What this really means for seniors

Act on the paper, not the hallway talk. A Medicare fast appeal is not a general complaint about rude staff, food, or scheduling. It is the urgent Medicare process for getting a quick, independent decision when a hospital, skilled nursing facility, home health agency, comprehensive outpatient rehabilitation facility, or hospice says covered care will end now or very soon. Medicare explains the basics on its fast appeals page.

Know which track you are in. Hospital patients usually start with the Important Message from Medicare. Non-hospital patients usually start with the Notice of Medicare Non-Coverage. Many families lose time because staff say, “Medicare won’t pay anymore,” but never hand over the actual notice that starts the clock.

Know who decides. The BFCC-QIO is an independent Medicare contractor. It is not the facility, not the front desk, and not the bedside nurse. Its job is to review the records and decide whether covered care should continue.

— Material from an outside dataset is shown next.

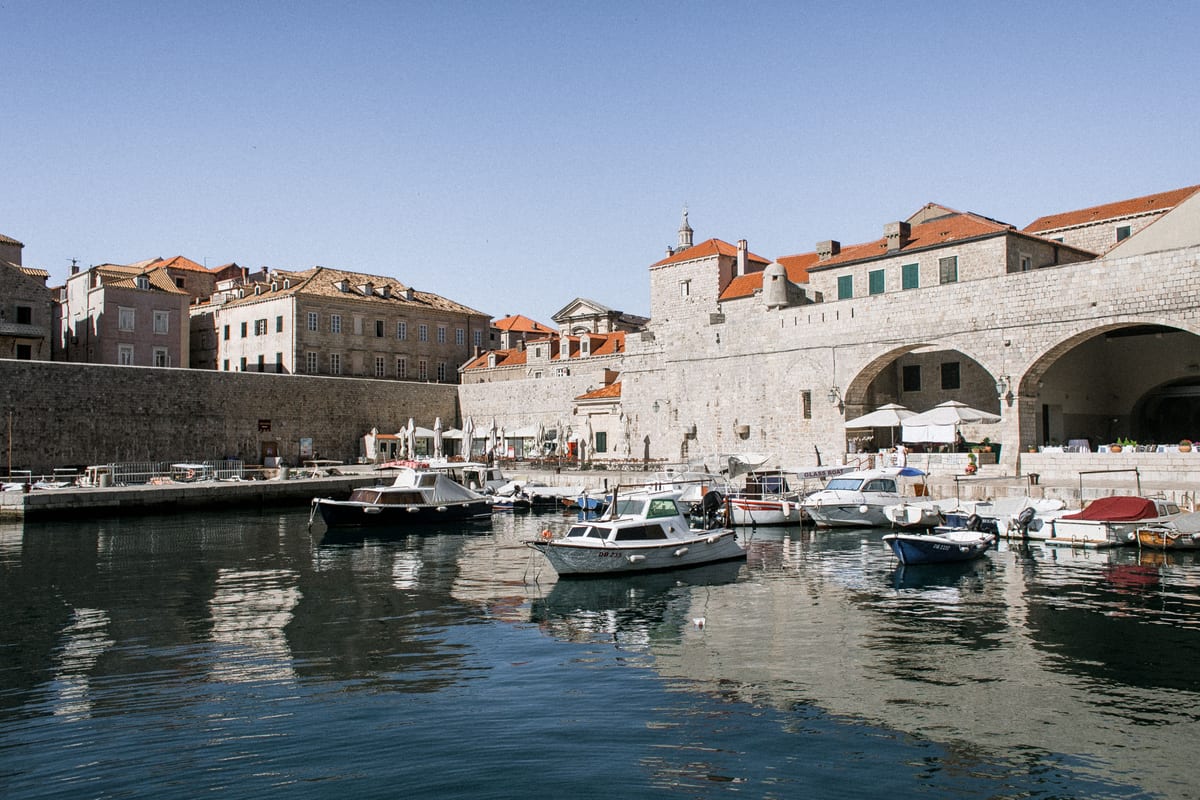 Boats in Dubrovnik's old port, with pale historic buildings behind them.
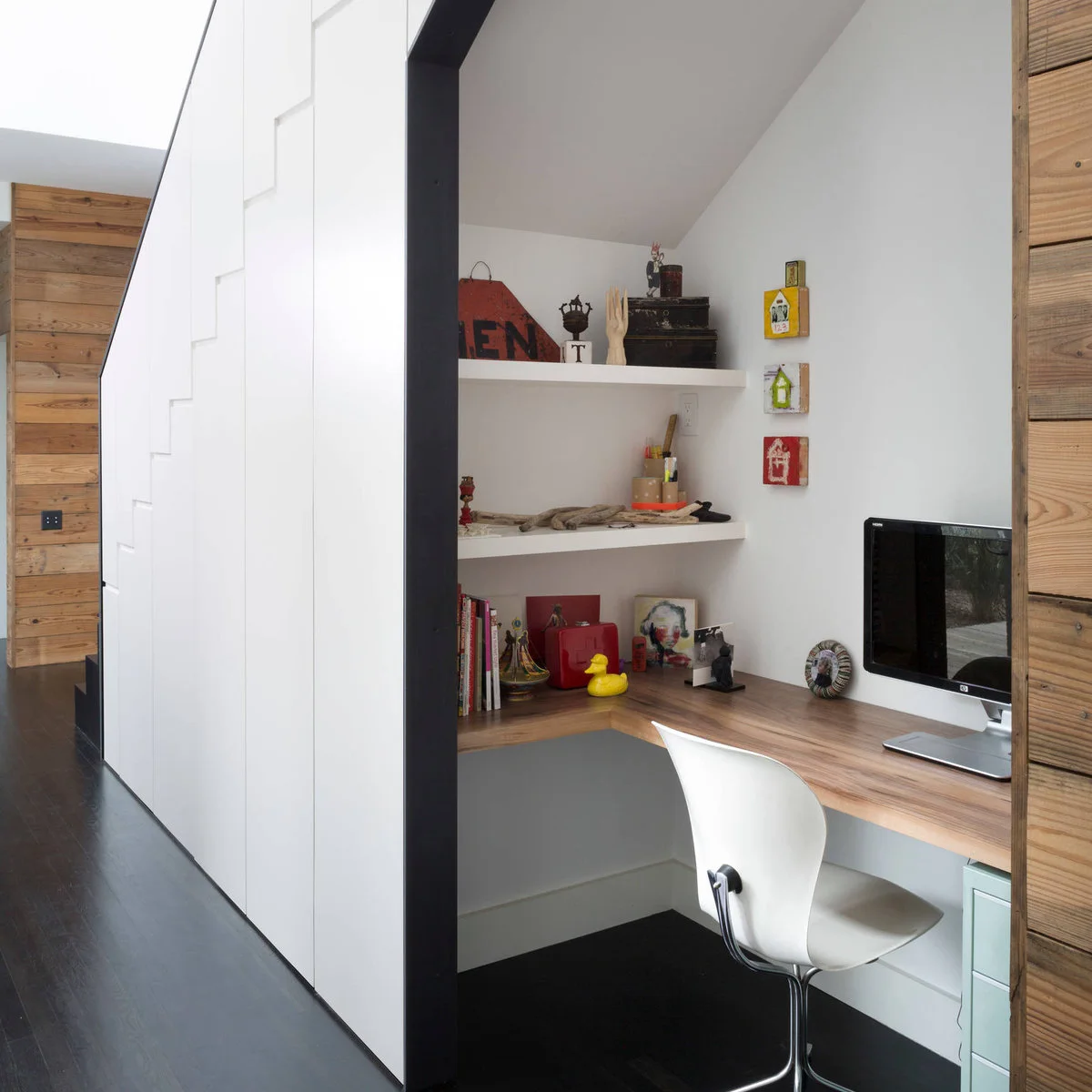 Under-stair desk with a wood L-shaped surface, white chair and two white shelves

Know why same-day action matters. The process is short and notice-driven. CMS guidance says BFCC-QIOs must have ways to accept requests outside normal business hours, so a late-day caller should still call rather than wait until morning.

Quick facts

  • Hospital inpatients should get the Important Message from Medicare within 2 days of admission and again before discharge if the first copy came more than 2 days earlier.
  • People in a skilled nursing facility, home health agency, comprehensive outpatient rehabilitation facility, or hospice should get the Notice of Medicare Non-Coverage at least 2 days before covered care ends.
  • After a fast appeal is requested, hospitals must give a Detailed Notice of Discharge, and other settings must give a Detailed Explanation of Non-Coverage.
  • The BFCC-QIO reviews medical records, asks for the senior’s side of the story, and makes a quick decision under Medicare’s fast-appeal process.
  • You can ask for copies of the materials sent to the BFCC-QIO.
  • Fast appeals exist in Original Medicare and in Medicare Advantage, but Medicare Advantage cases can also trigger separate plan appeal steps under Medicare’s health plan appeal rules.
  • If the notice never arrives, ask for it by name and call 1-800-MEDICARE.

Who this is for

Use this guide if the situation matches one of the settings listed on Medicare’s fast-appeal page.

  • Older adults told they are leaving the hospital too soon.
  • Seniors in short-term skilled nursing or rehab stays whose Medicare-covered care is ending.
  • People getting home health, hospice, or outpatient rehab services that are stopping.
  • Adult children, spouses, health care proxies, and other caregivers who need a practical crisis guide.

The notices that matter most

Read the title at the top of the paper. The notice name tells you which appeal path you are in. The easiest official side-by-side sources are Medicare’s rights and protections page, the CMS page for hospital IM and DND notices, the CMS page for NOMNC and DENC notices, and the CMS page for the Medicare Change of Status Notice.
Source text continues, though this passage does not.